…riflesso

Agrigento, Matera, Ferrara, oggi Torino (presso l’Archivio di Stato fino al 14 ottobre), poi Milano. Sono le tappe dell’itinerario italiano della mostra “Entire Life in a Package”, personale dell’artista israeliana Orna Ben Ami. Le opere di Orna sono composte da ferro saldato su scatti fotografici che riprendono chi lascia una casa e va via, migra: il materiale duro per definizione e l’attualità in presa diretta. In questo modo, sottolinea il curatore Ermanno Tedeschi, “pone in rilievo un elemento, una valigia o una bambola che richiamano alla forza e alla crudezza della fuga dal proprio paese e all’aspettativa per una nuova vita”. L’obiettivo è evidenziare la dimensione umana del migrante, spesso misconosciuta e calpestata nel discorso pubblico contemporaneo. Non la migrazione come fenomeno, dunque, ma la persona che migra. “Israele è da sempre al centro di percorsi di migrazione”, ha chiarito l’addetto culturale dell’Ambasciata di Israele in Italia Eldad Golan, intervenuto all’inaugurazione, non può dunque non essere particolarmente sensibile a “speranze, aspettative, paure, necessità dei migranti di ogni tempo”.
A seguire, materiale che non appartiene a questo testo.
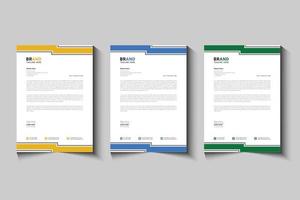 Business letterhead design with stylish template vector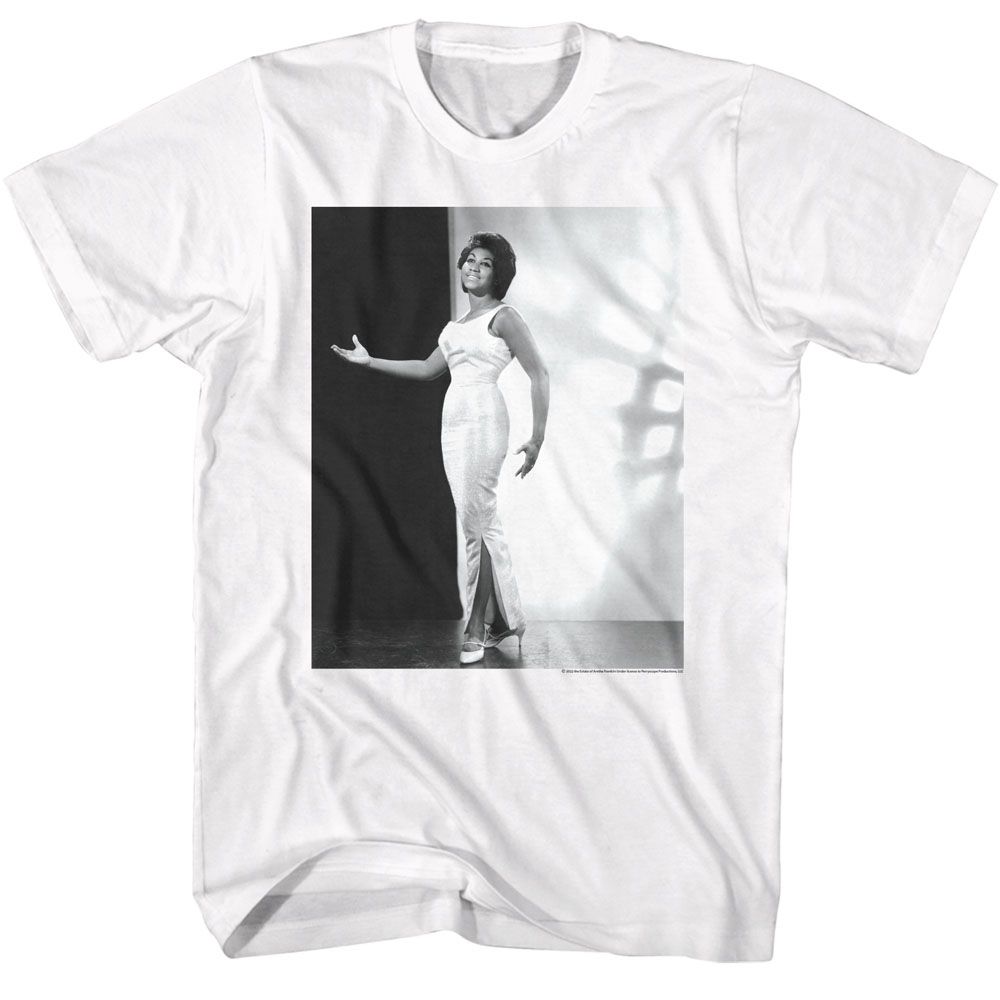 Aretha White Adult S/S Tshirt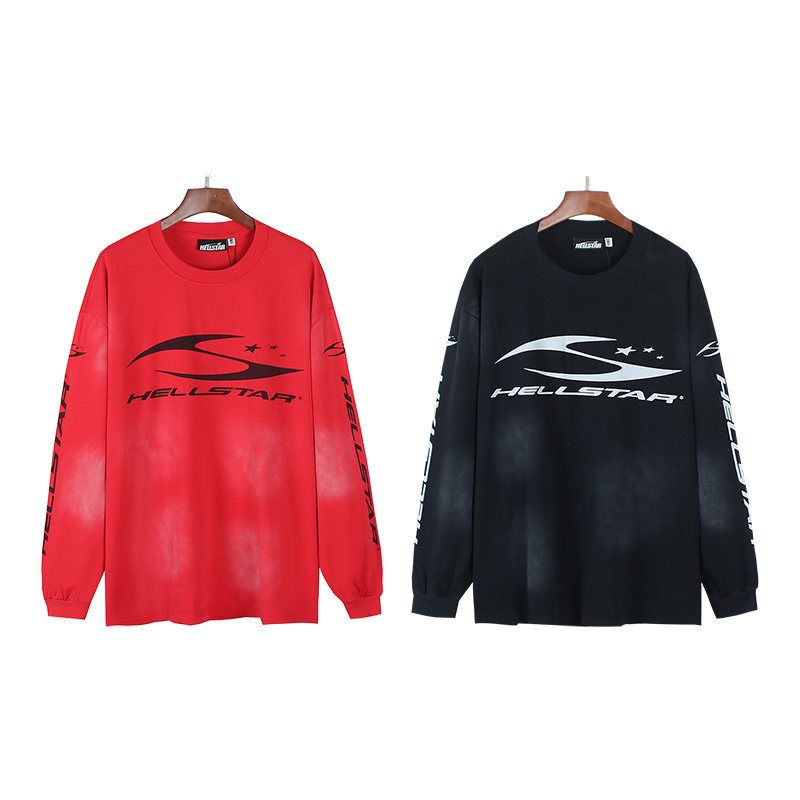 HS Washed Graphic Long-Sleeve T-Shirt ¡ª comparison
RIFLESSO_2016Delle ventiquattro opere esposte, quella che vedete riprodotta mi ha colpito in special modo. È intitolata “Riflesso”, ed è creata a partire da una foto scattata in Macedonia nel 2015 da Stoyan Nenov per l’agenzia Reuters. Nella parte superiore vediamo un blocco unico, una massa amorfa in cui si perdono le distinzioni individuali. Sotto questa massa senza vita, che sappiamo nascondere persone, una sottile striscia di terra malferma divide dal riflesso, attraverso cui si distinguono colori, volti, si intravedono sguardi e sensazioni. È un invito alla meditazione sui temi della realtà e della percezione non meno che sull’attualità: la vita che scorre non scorre, è immobilizzata in una colata di ferro che distrugge i visi e azzera la possibilità di guardare negli occhi. Eppure questa rimane la realtà primaria, quella dei corpi. Al di sotto, il riflesso ha qualcosa di meno e qualcosa di più. In alto, sullo sfondo del cielo omogeneo, l’inquietante contorno di fili del telefono e armature di cemento, limite di uno spazio fuori dal tempo. Quello, sembra dire Orna, del migrante.